── SUPPLIED INFORMATION

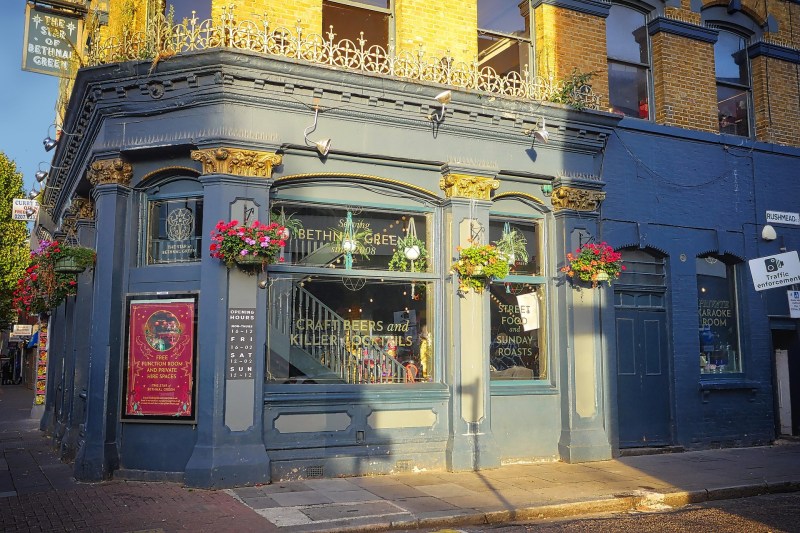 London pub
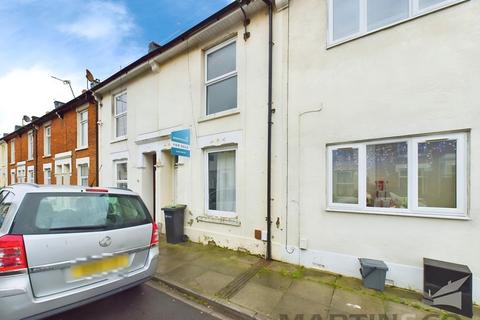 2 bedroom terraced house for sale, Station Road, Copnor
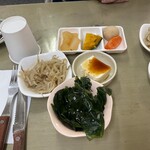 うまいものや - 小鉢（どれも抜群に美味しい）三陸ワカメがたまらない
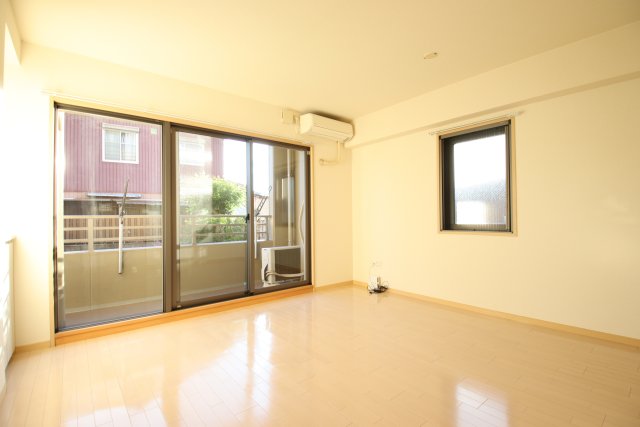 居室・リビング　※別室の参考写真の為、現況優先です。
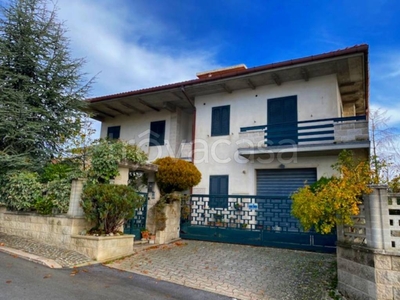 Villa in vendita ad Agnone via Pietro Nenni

────
── SUPPLIED INFORMATION

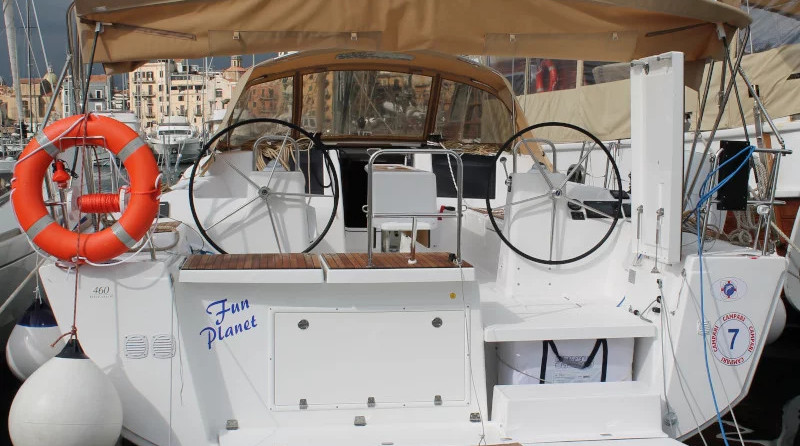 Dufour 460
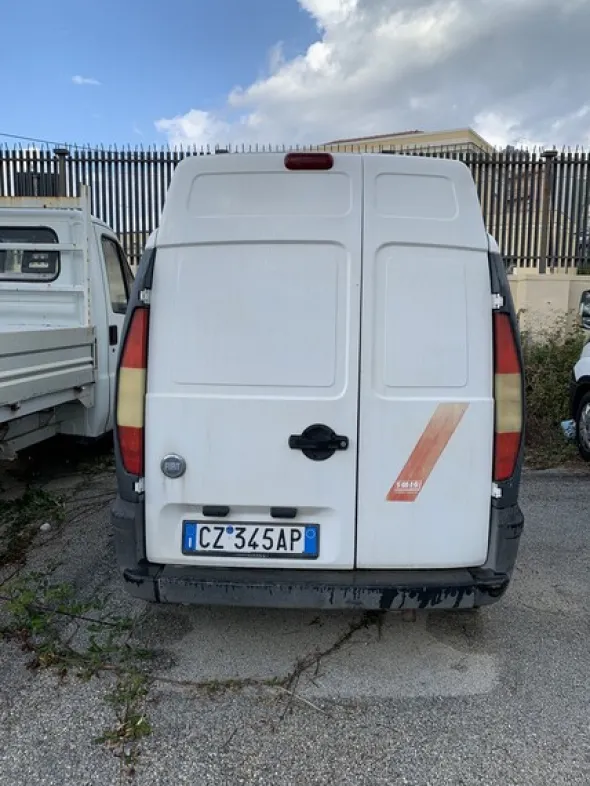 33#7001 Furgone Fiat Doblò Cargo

────
── SUPPLIED INFORMATION

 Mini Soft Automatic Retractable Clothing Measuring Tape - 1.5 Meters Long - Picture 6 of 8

────

- [EXERCISE REQUIREMENTS]
Exactly the lines above from the one that contains "居室・リビング　※別室の参考写真の為、現況優先です。" down to the one that contains "Villa in vendita ad Agnone via Pietro Nenni" are to be output, both ends kept and pictures omitted.

- [SOLUTION TO THE EXERCISE]
 居室・リビング　※別室の参考写真の為、現況優先です。
 Villa in vendita ad Agnone via Pietro Nenni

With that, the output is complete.